:: MATERIAL FOR THE TASK
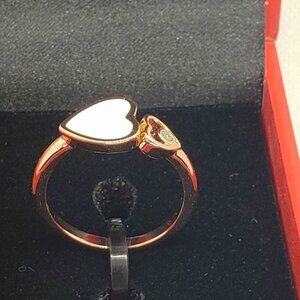 Brand New 18k rose gold plated ring with white opal and one stone double heart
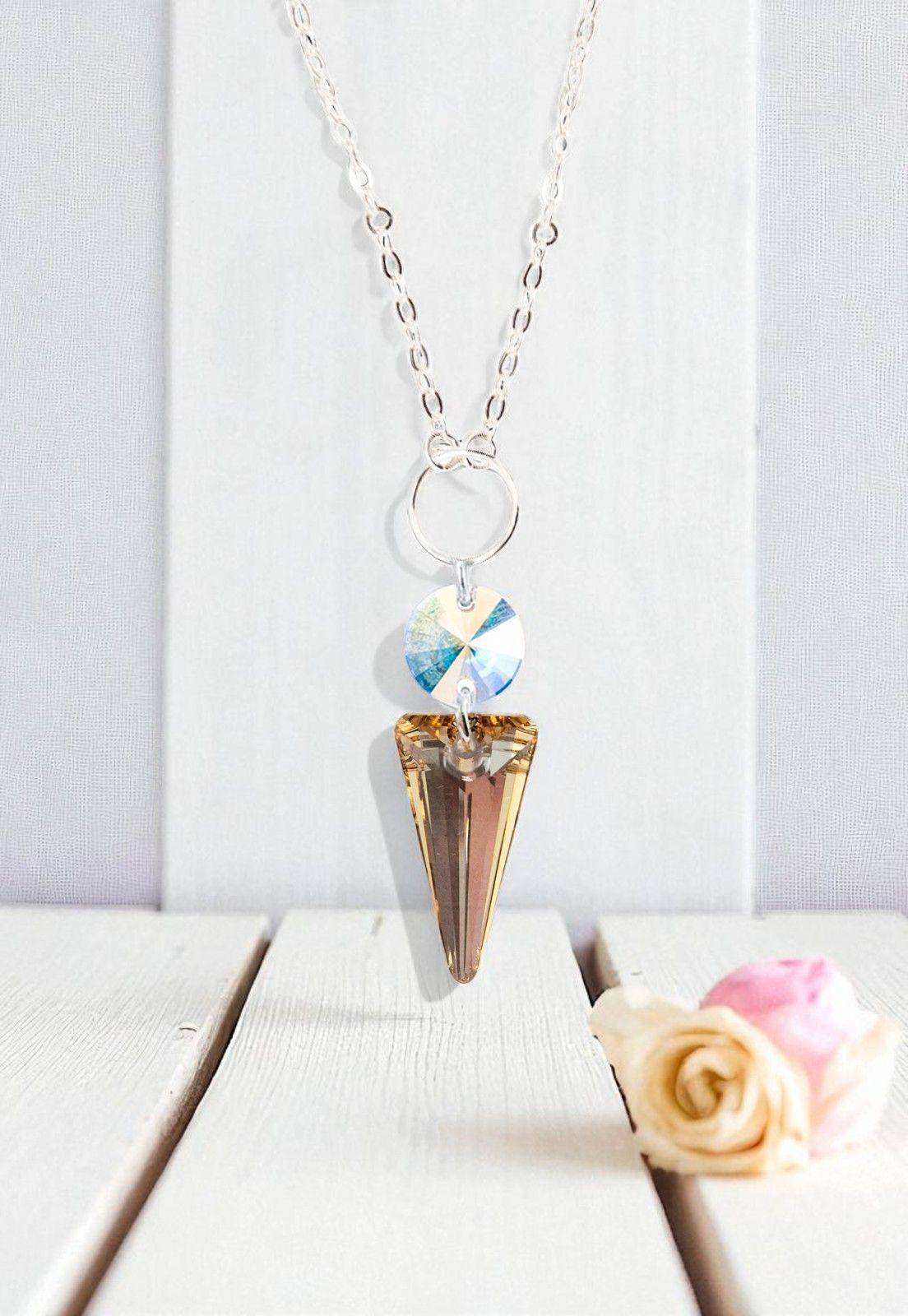 Collar Mystic Plata Italiana 925 y Cristales Genuino Golden Shadow-2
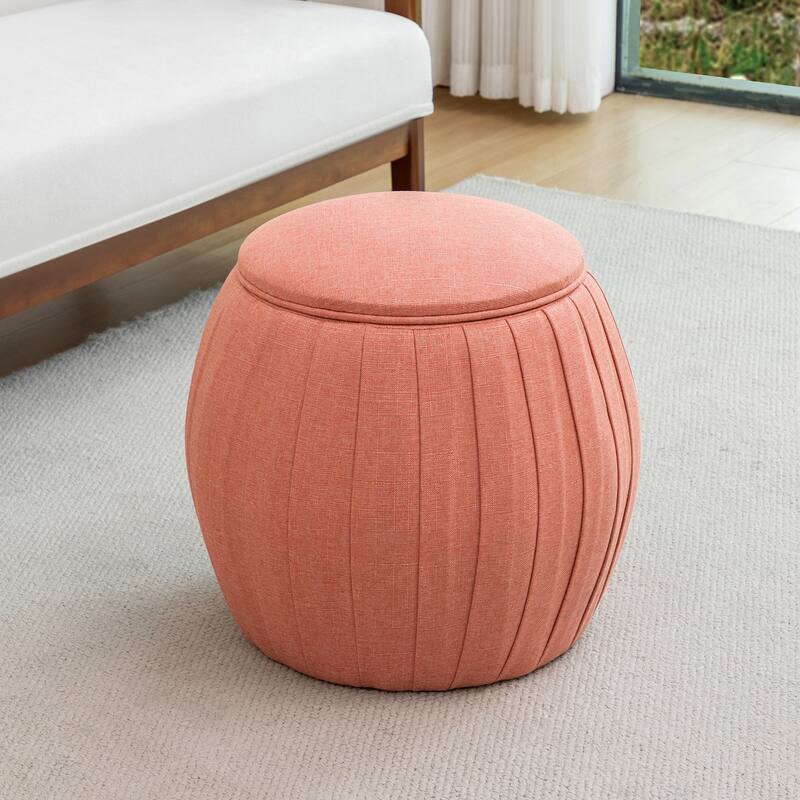 Round Shoe Storage Ottoman - Upholstered Seat with Hidden Shoe Storage and Cushion Top for Space-Saving Organization
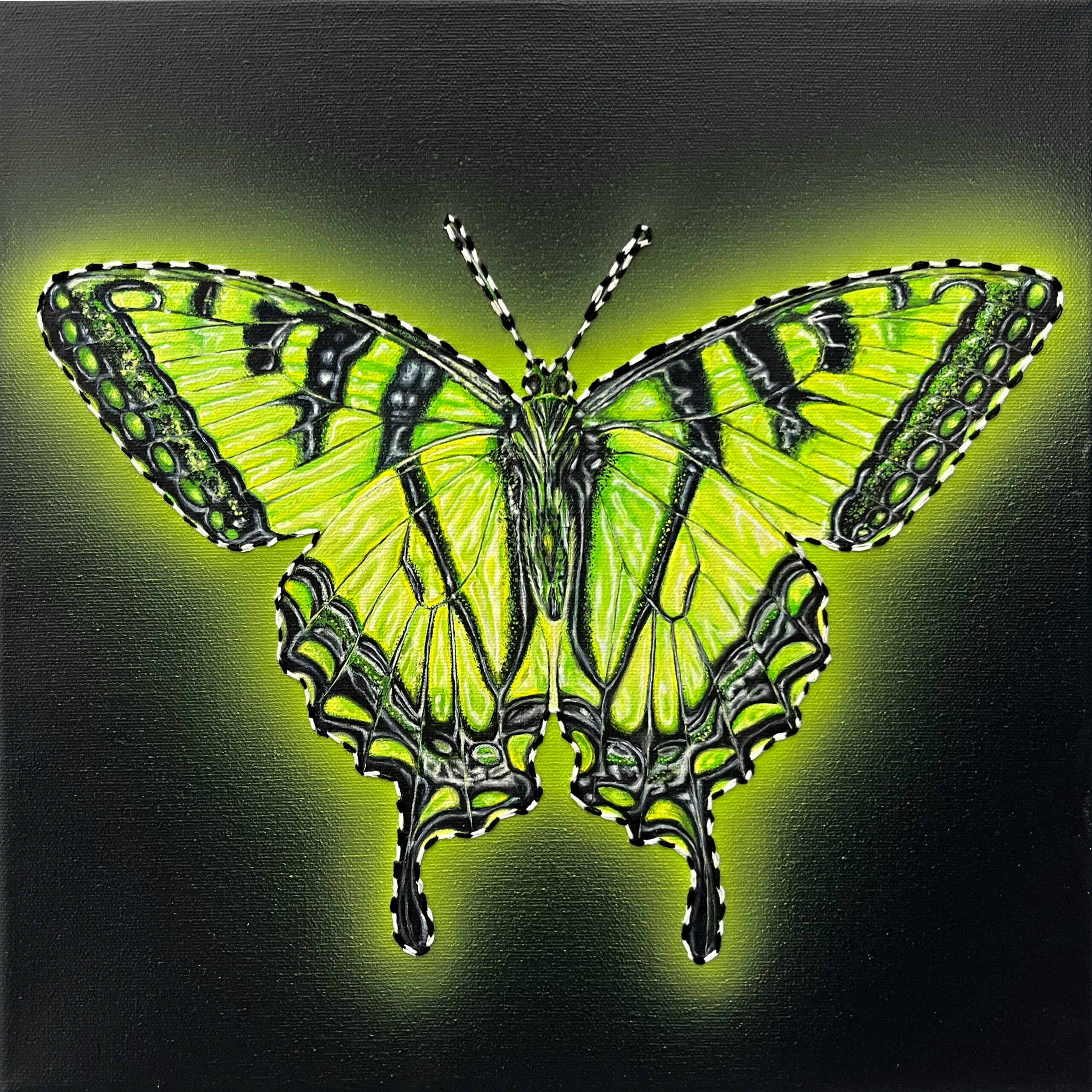 Shift + W
2025; acrylic, oil, yarn, pigment print on canvas
30 x 30 cm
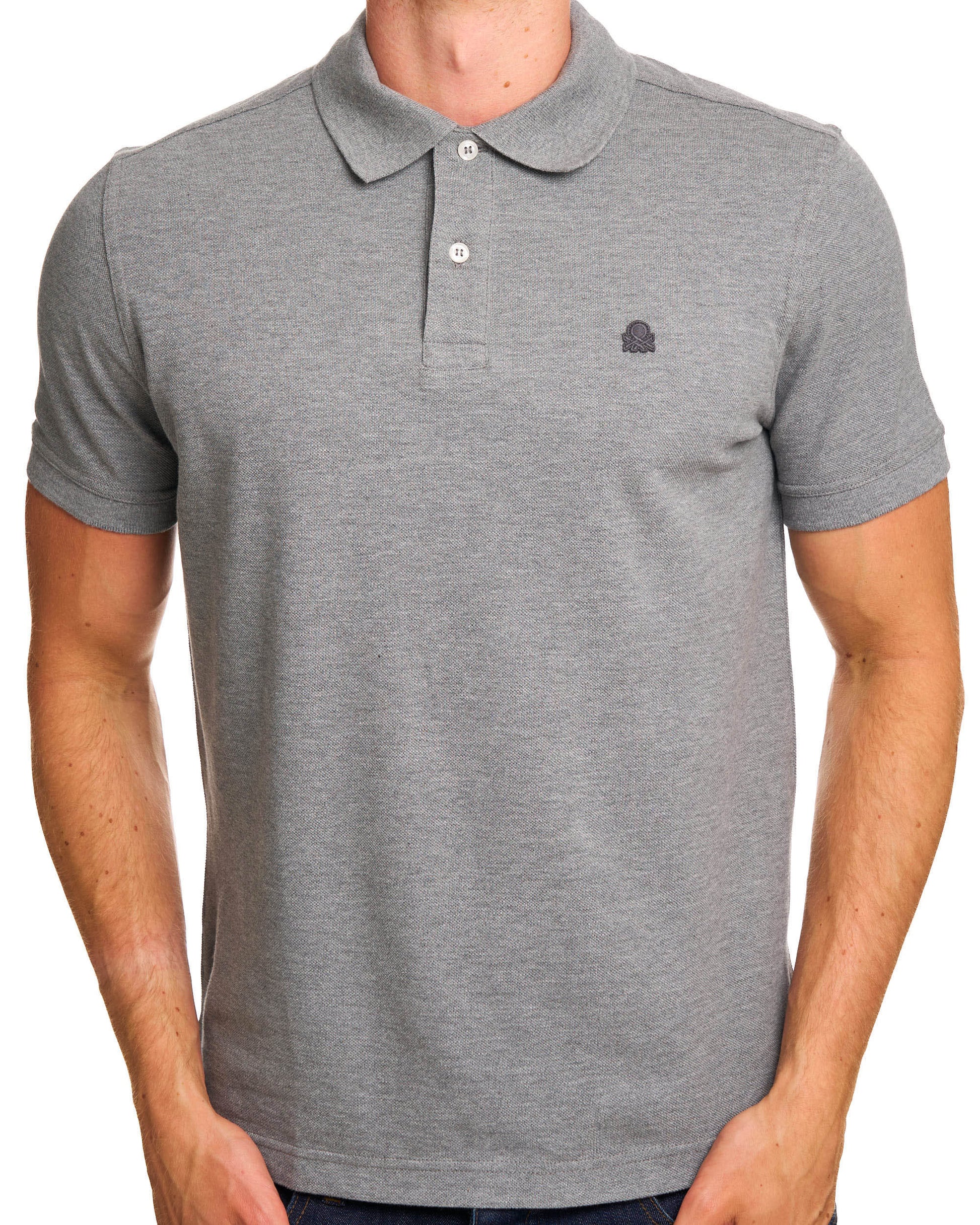 Benetton Polo Shirt Tonal Grey Marl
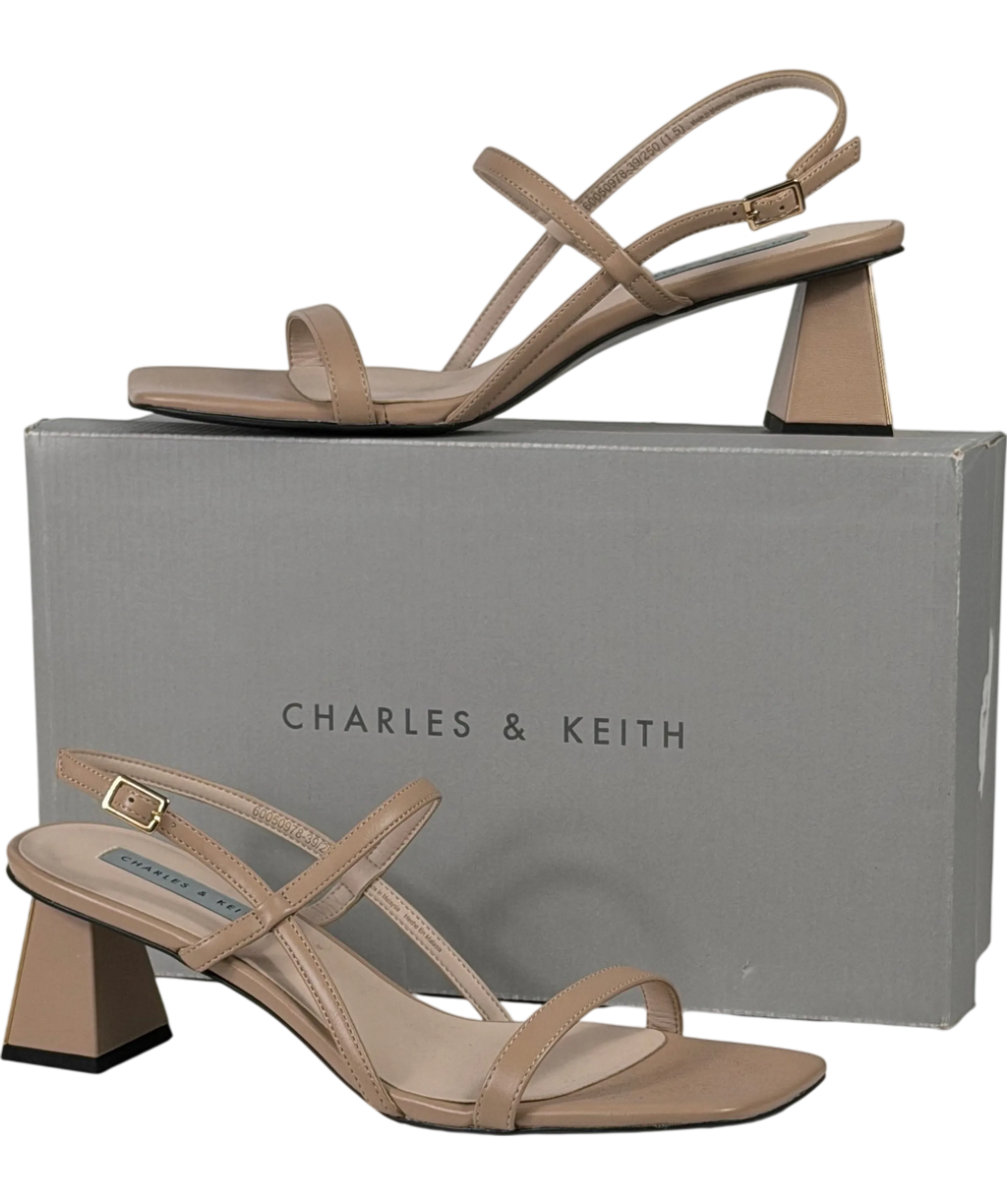 Charles & Keith Strappy Block Heel Slingback Sandals In Beige UK 6 EU 39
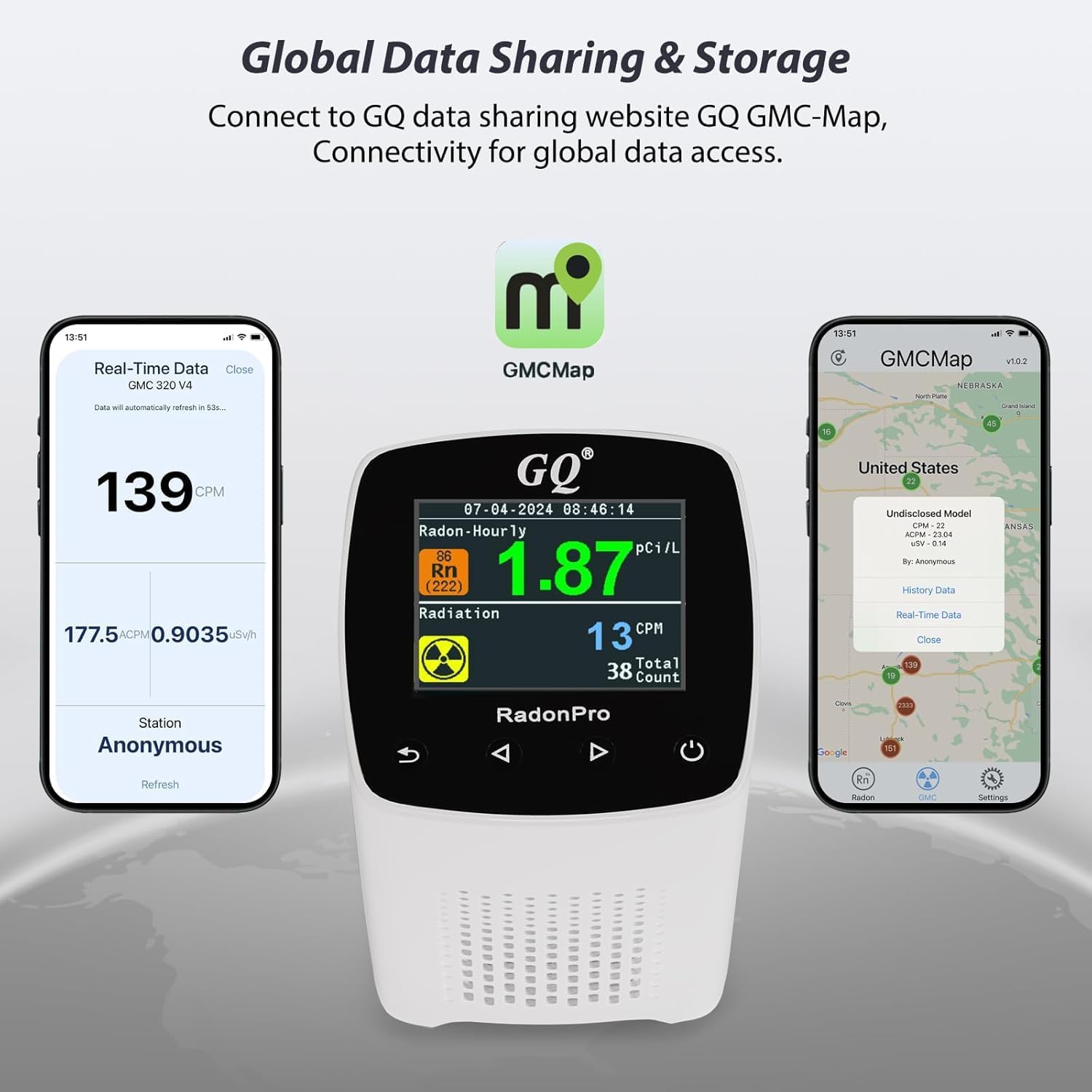 RadonPro Radon Detector and Geiger Counter 2-in-1 Remote Monitoring App | Monitor radon and nuclear radiation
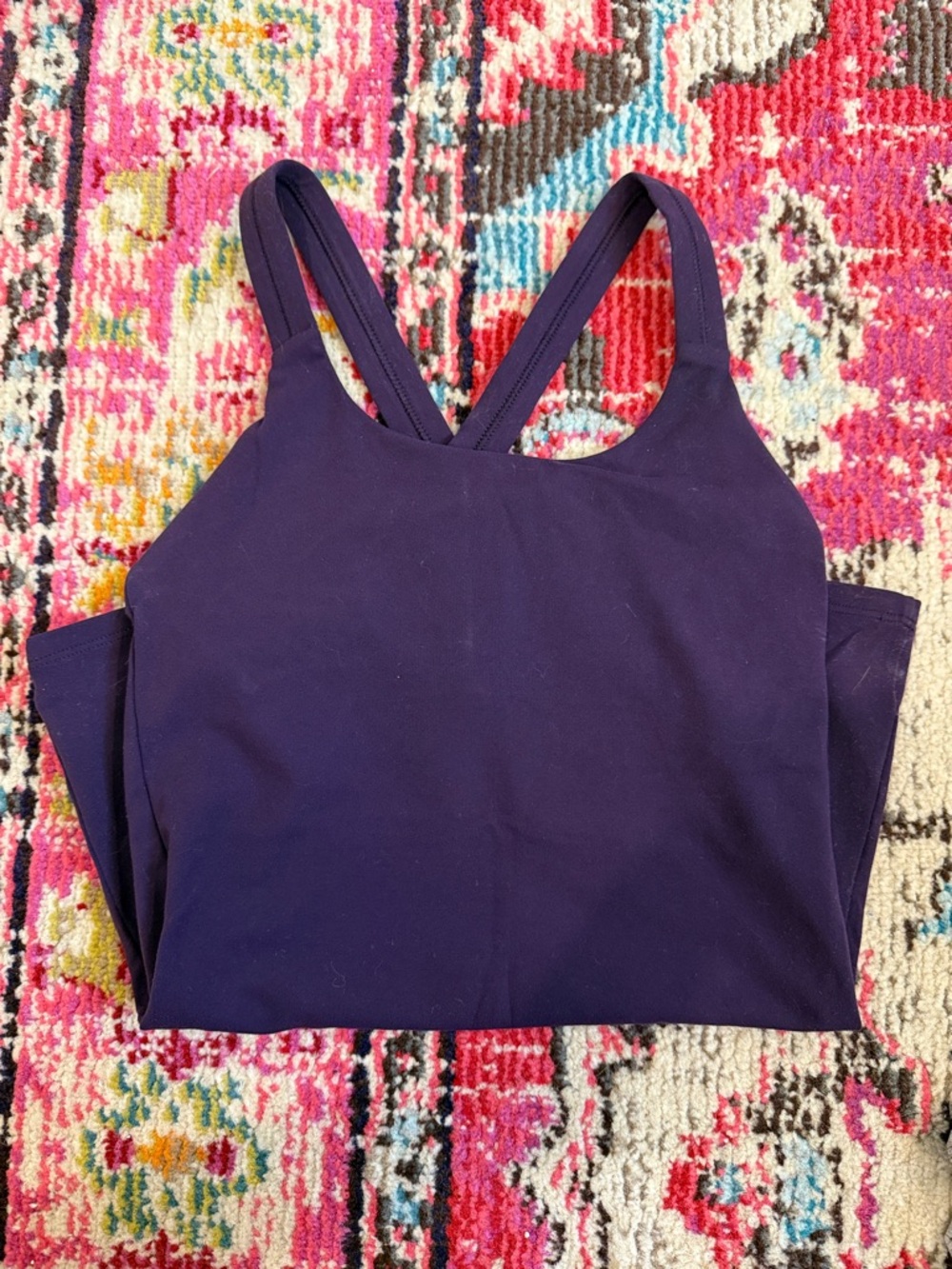Purple Athleta Racerback Tank with Shelf Bra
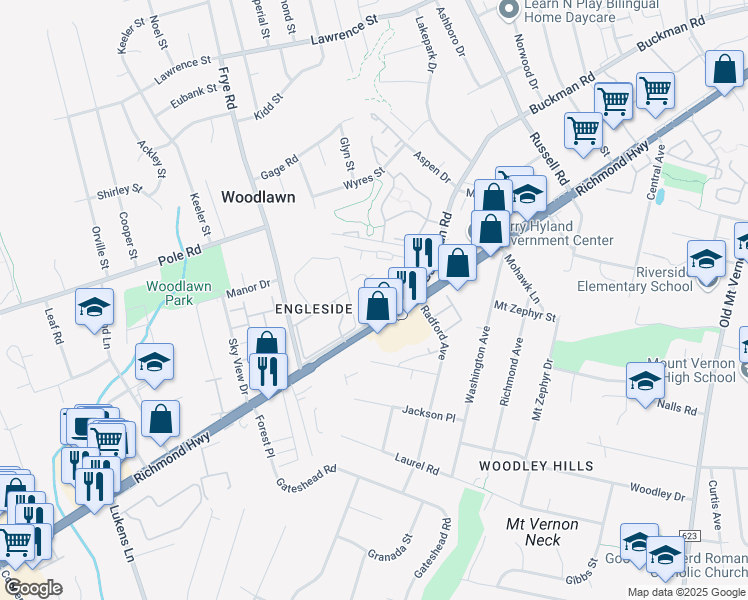 map of restaurants, bars, coffee shops, grocery stores, and more near 8455 Diablo Court in Alexandria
::::
- TASK GOAL:
Every entry above is to be copied verbatim, with the pictures removed.

- REPLY:
 Brand New 18k rose gold plated ring with white opal and one stone double heart
 Collar Mystic Plata Italiana 925 y Cristales Genuino Golden Shadow-2
 Round Shoe Storage Ottoman - Upholstered Seat with Hidden Shoe Storage and Cushion Top for Space-Saving Organization
 Shift + W
2025; acrylic, oil, yarn, pigment print on canvas
30 x 30 cm
 Benetton Polo Shirt Tonal Grey Marl
 Charles & Keith Strappy Block Heel Slingback Sandals In Beige UK 6 EU 39
 RadonPro Radon Detector and Geiger Counter 2-in-1 Remote Monitoring App | Monitor radon and nuclear radiation
Purple Athleta Racerback Tank with Shelf Bra
 map of restaurants, bars, coffee shops, grocery stores, and more near 8455 Diablo Court in Alexandria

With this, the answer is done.